▶ [Source material]:
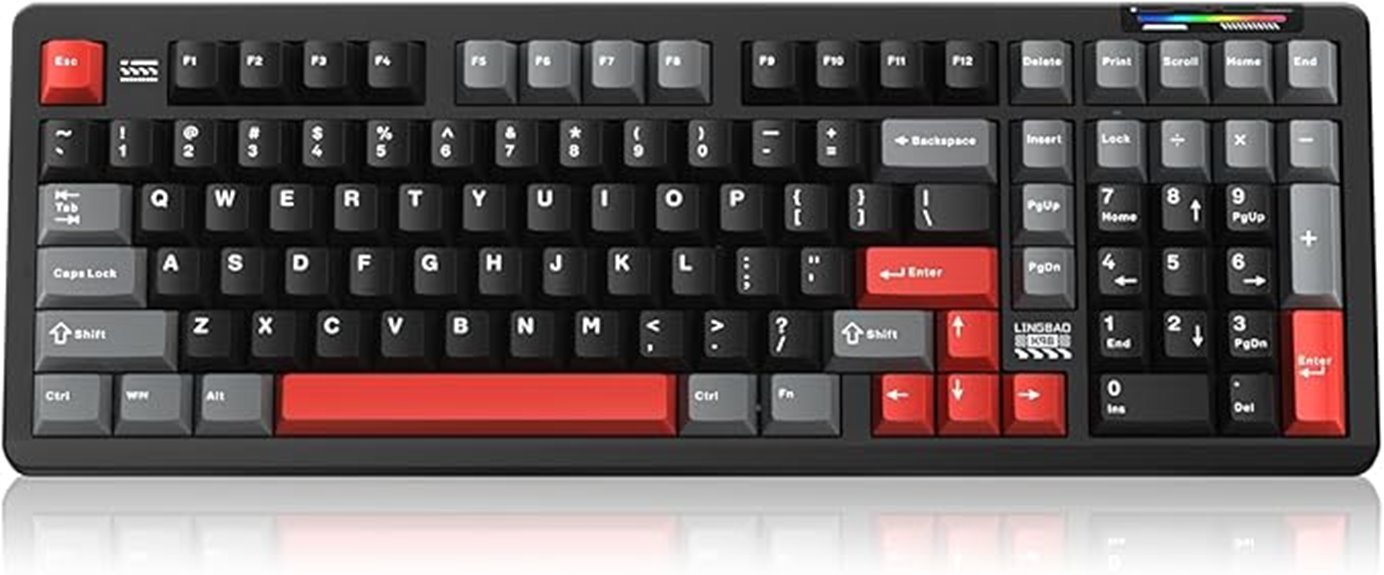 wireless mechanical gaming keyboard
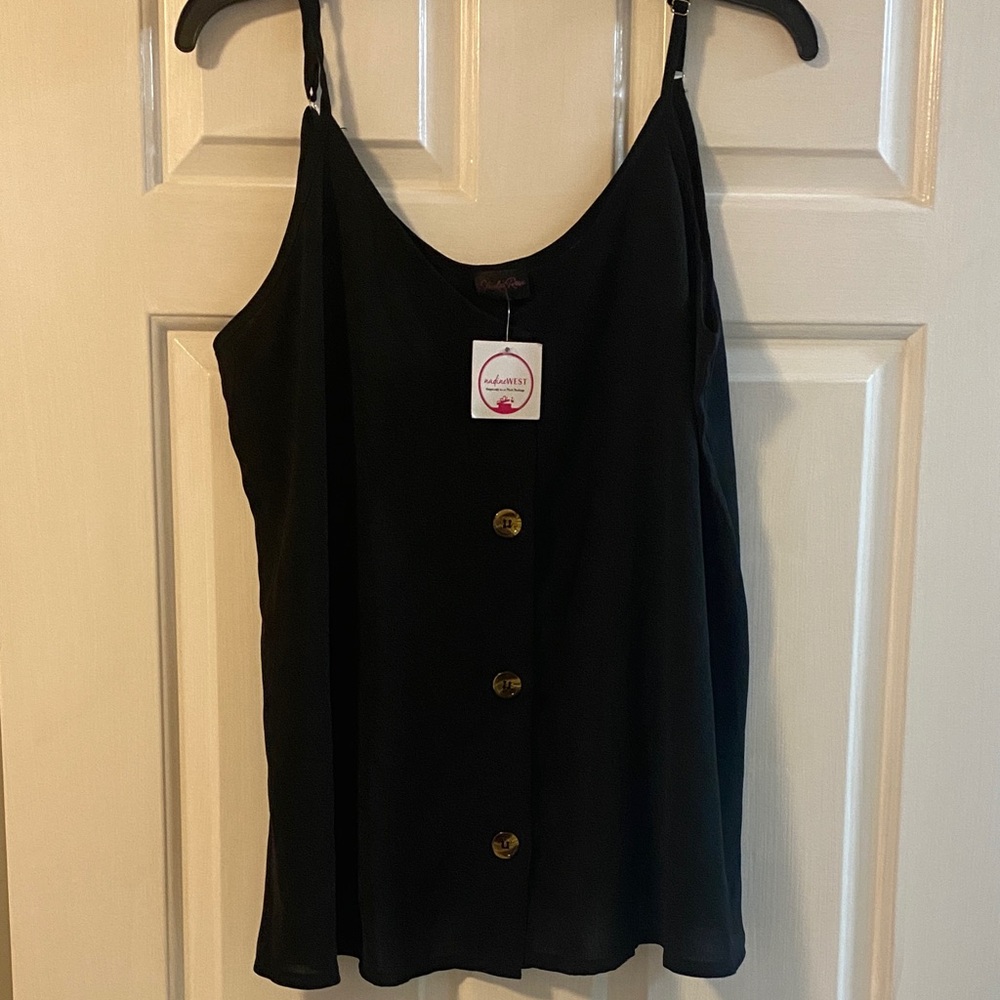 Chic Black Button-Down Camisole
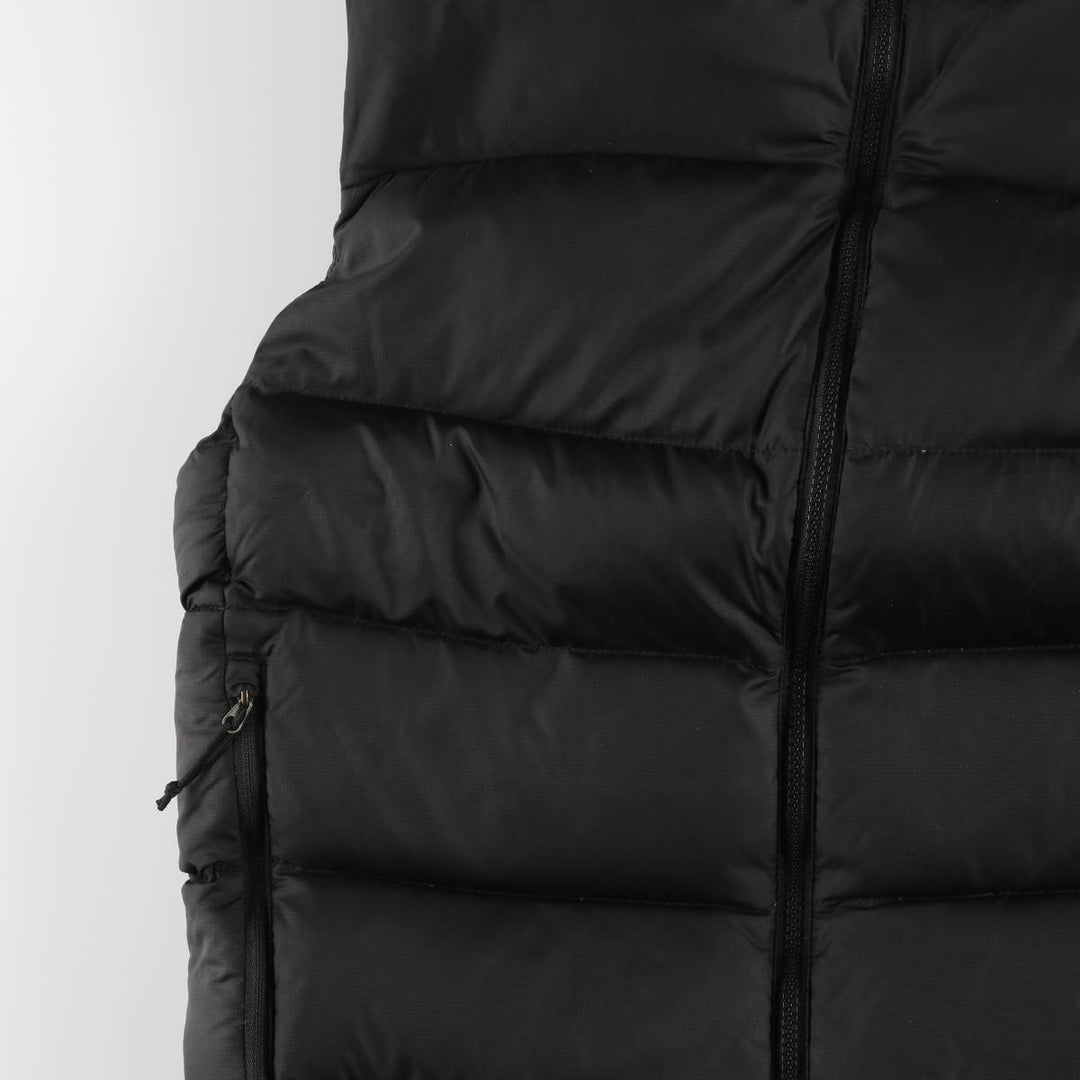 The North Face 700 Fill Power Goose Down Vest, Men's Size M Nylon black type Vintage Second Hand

▶ [How to complete this task]: Leaving out the pictures, restate the listing above exactly.

▶ [Exercise output]:
 wireless mechanical gaming keyboard
 Chic Black Button-Down Camisole
 The North Face 700 Fill Power Goose Down Vest, Men's Size M Nylon black type Vintage Second Hand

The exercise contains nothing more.